_What is required_: Make an exact copy, without pictures, of the lines below from the one containing "CAD Silver Dimes" to the last line, both ends included.

(Caption-style text data)
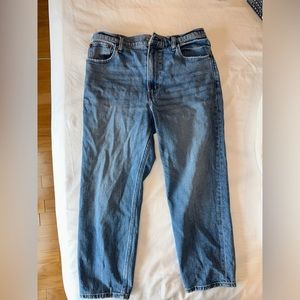 Abercrombie Mom Jeans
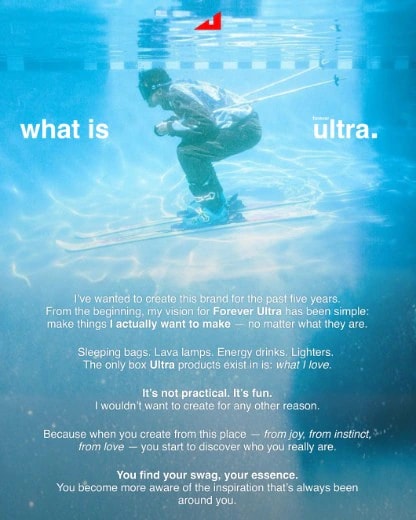 What is Ultra — Forever Ultra email thumbnail
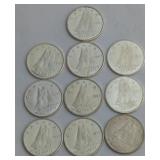 CAD Silver Dimes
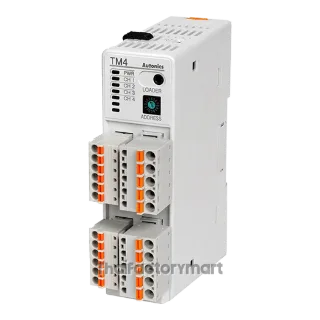 4 channel module, PID temperature controller, SSR Control output, Expansion module (No power / communication terminal)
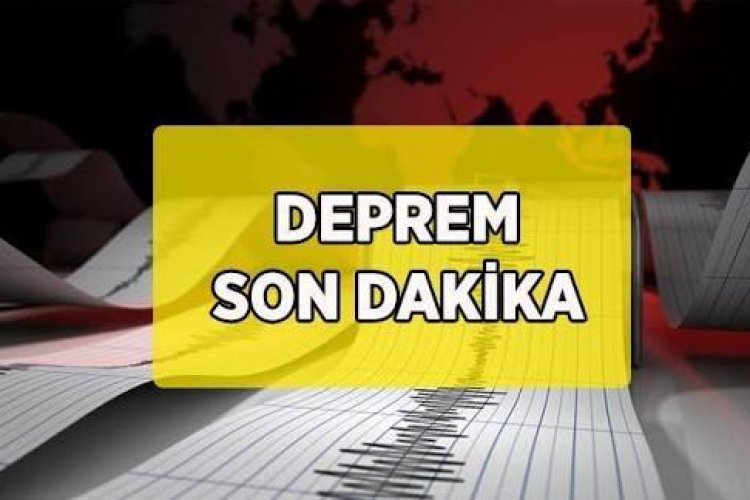 Balıkesir Sındırgı da 6.1 Büyüklüğünde Deprem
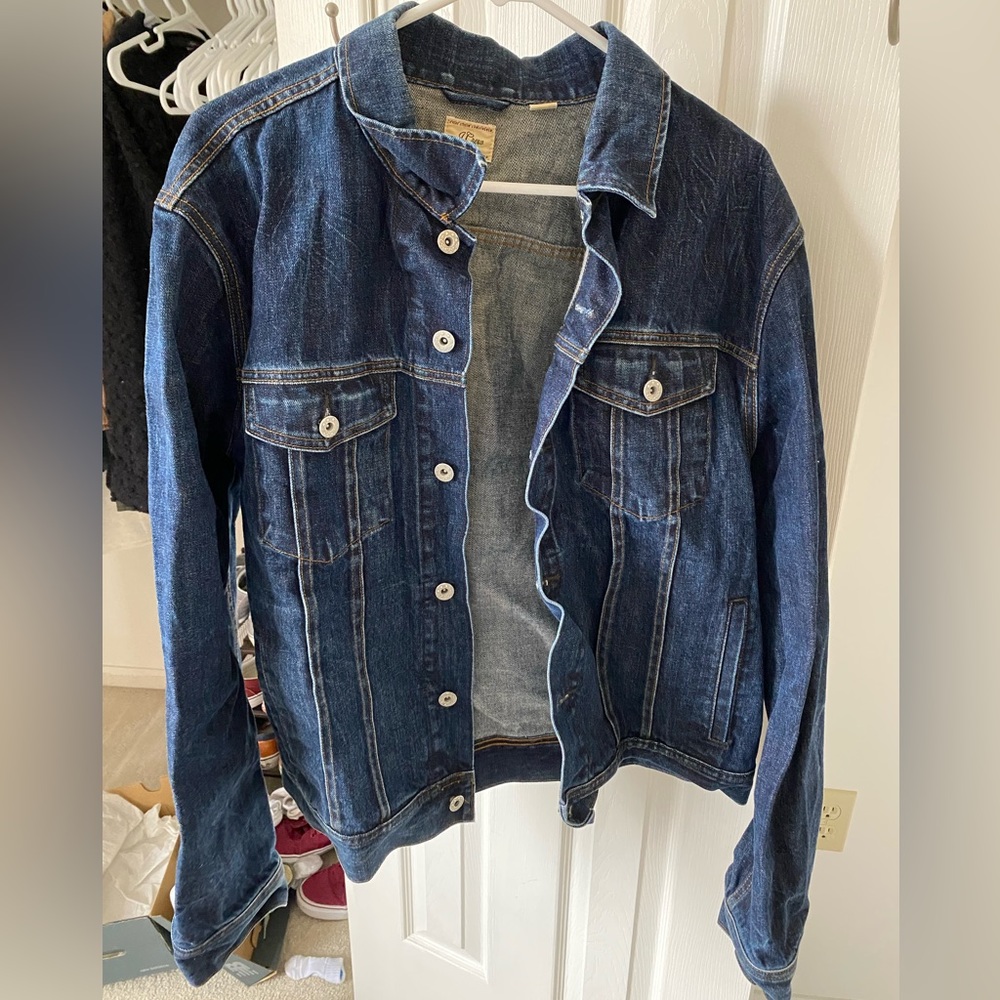 Jcrew Jean Jacket - image 1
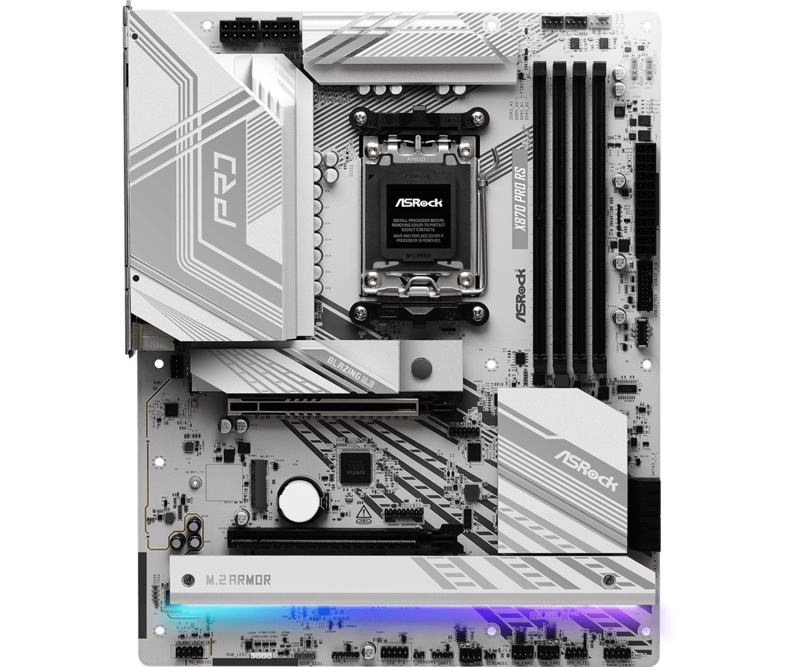 Материнская плата ASRock X870 PRO RS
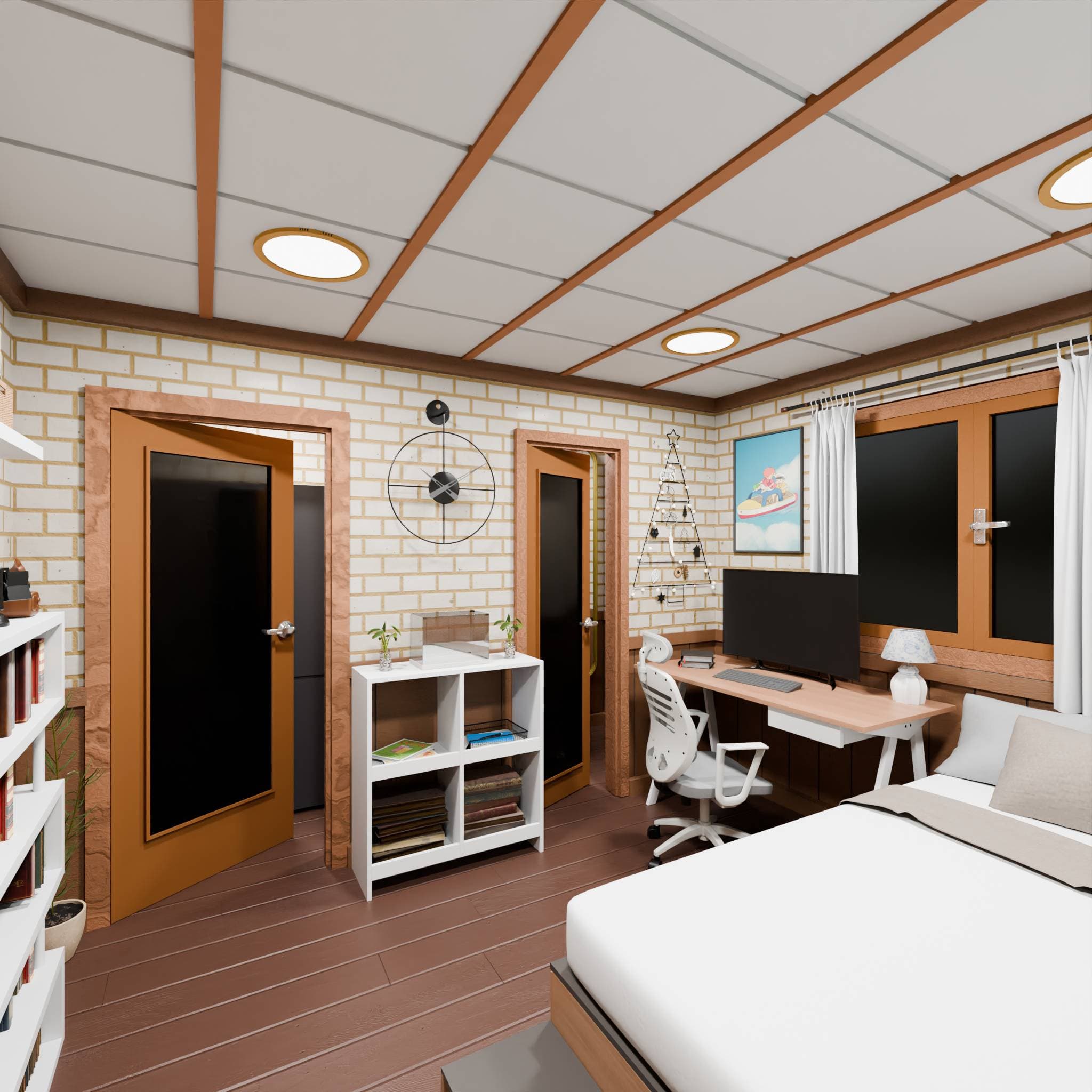 Ghibli Interior Room Design — 6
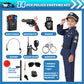 Mgparty Police Officer Costume For Kids Halloween Police Cosplay Accessories For Boys Girls Halloween Dress Up Party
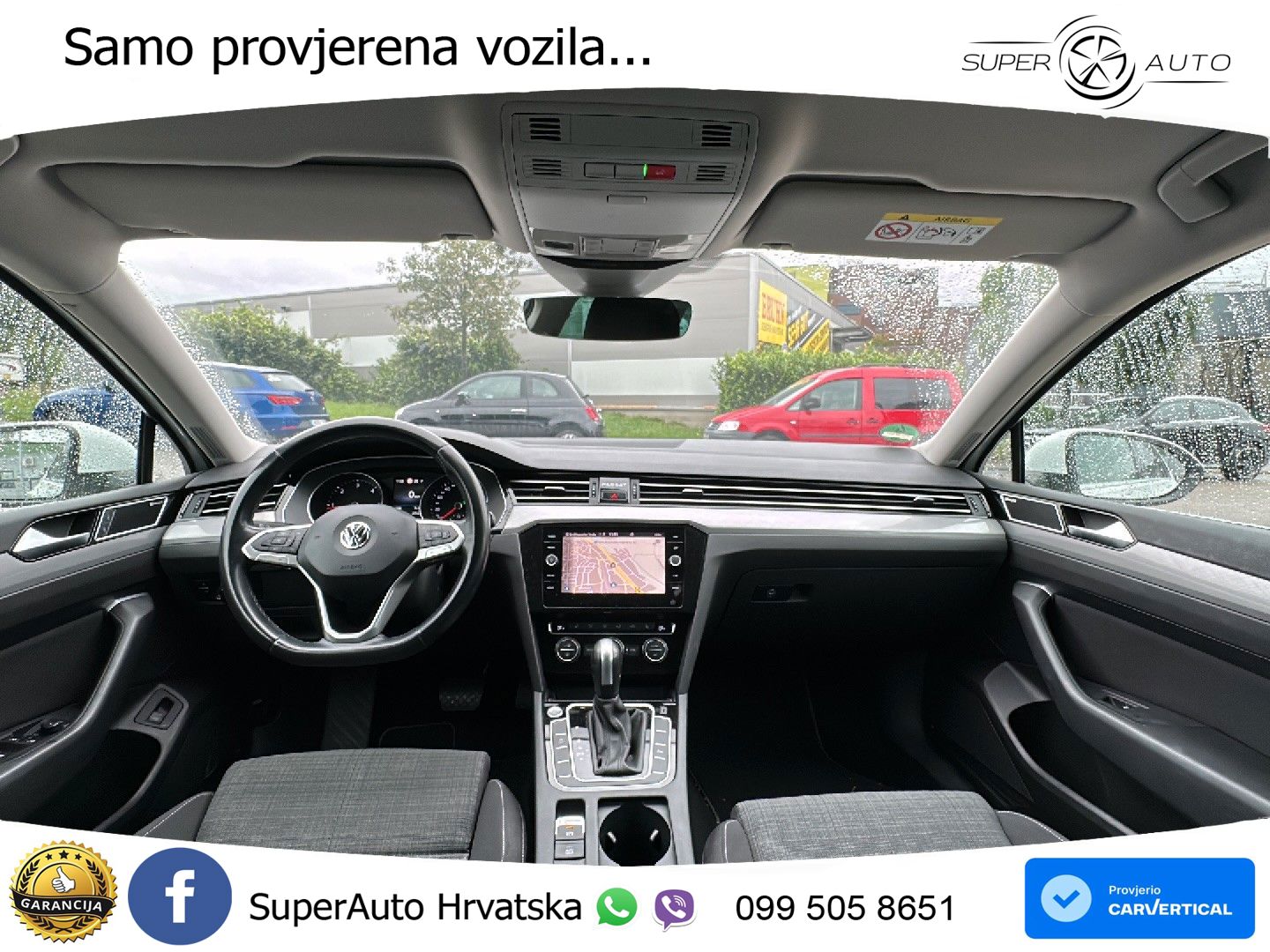 Volkswagen Passat Variant 2.0 TDI (150 KS) DSG Business LED+ACC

_Written solution_:
 CAD Silver Dimes
 4 channel module, PID temperature controller, SSR Control output, Expansion module (No power / communication terminal)
 Balıkesir Sındırgı da 6.1 Büyüklüğünde Deprem
 Jcrew Jean Jacket - image 1
 Материнская плата ASRock X870 PRO RS
 Ghibli Interior Room Design — 6
 Mgparty Police Officer Costume For Kids Halloween Police Cosplay Accessories For Boys Girls Halloween Dress Up Party
 Volkswagen Passat Variant 2.0 TDI (150 KS) DSG Business LED+ACC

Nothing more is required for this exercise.